======== RECORDS SHOWN ========
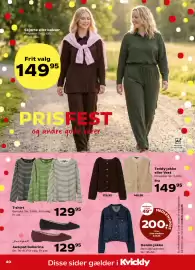 Kvickly tilbudsavis uge 33 Side 44: Teddy jakke eller Vest €149,95, T-shirt €129,95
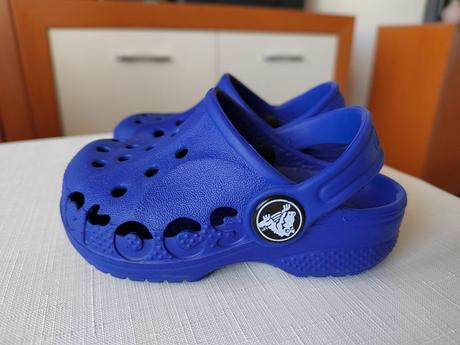 Topánky do vody crocs - tmavomodré v.21-22, crocs,21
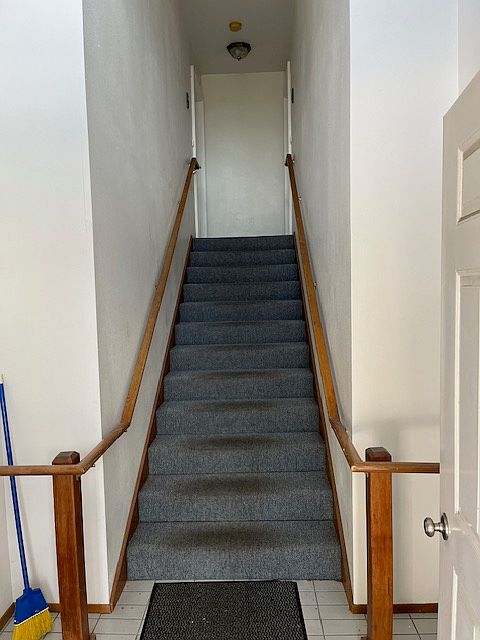 Stairs to Unit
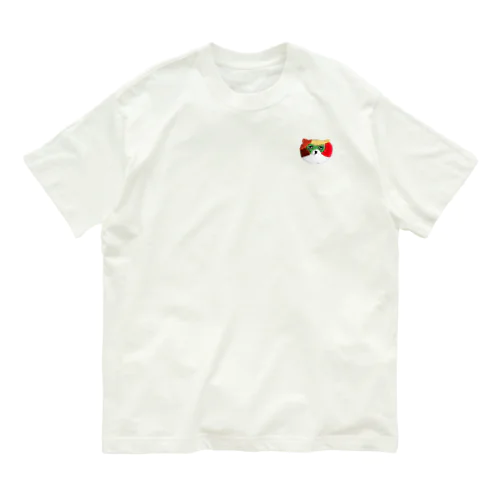 六毛猫 Organic Cotton T-Shirt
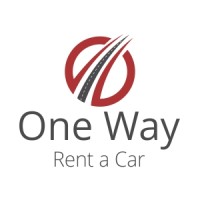 One Way Rent a Car logo, One Way Rent a Car contact details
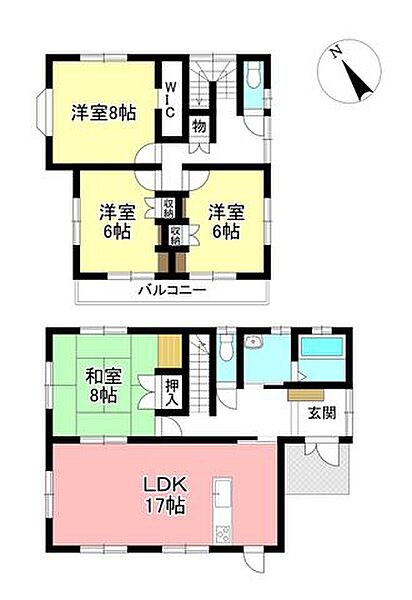間取り：323000519033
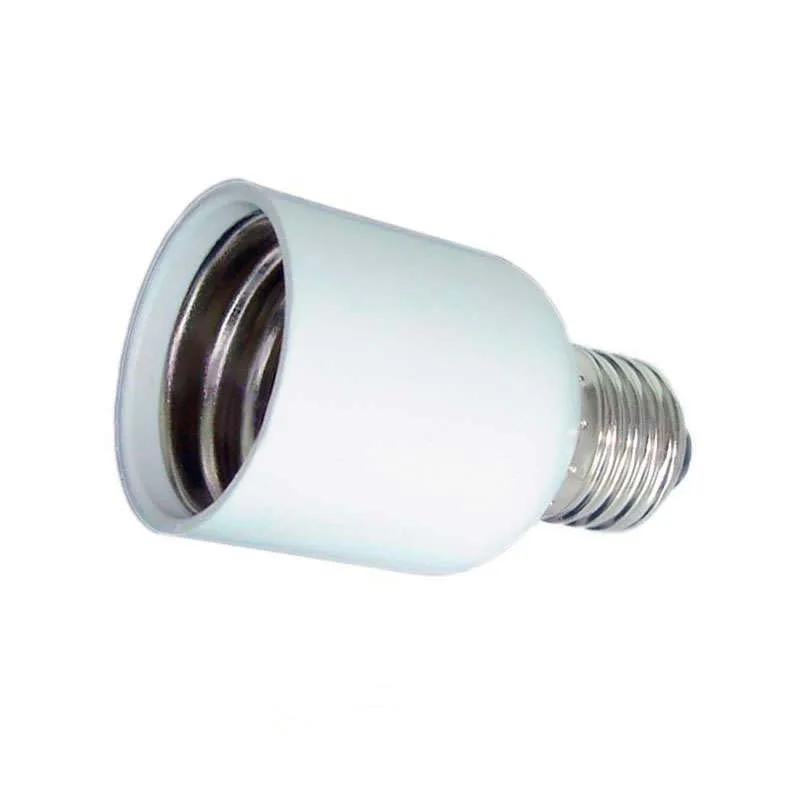 Adaptador / conversor para bombillas e40 a e27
========
Up to and including the line with "間取り：323000519033", repeat every line from the top of the entries exactly, but not the pictures.

-- RESULT FOR THIS EXERCISE --
 Kvickly tilbudsavis uge 33 Side 44: Teddy jakke eller Vest €149,95, T-shirt €129,95
 Topánky do vody crocs - tmavomodré v.21-22, crocs,21
 Stairs to Unit
 六毛猫 Organic Cotton T-Shirt
 One Way Rent a Car logo, One Way Rent a Car contact details
間取り：323000519033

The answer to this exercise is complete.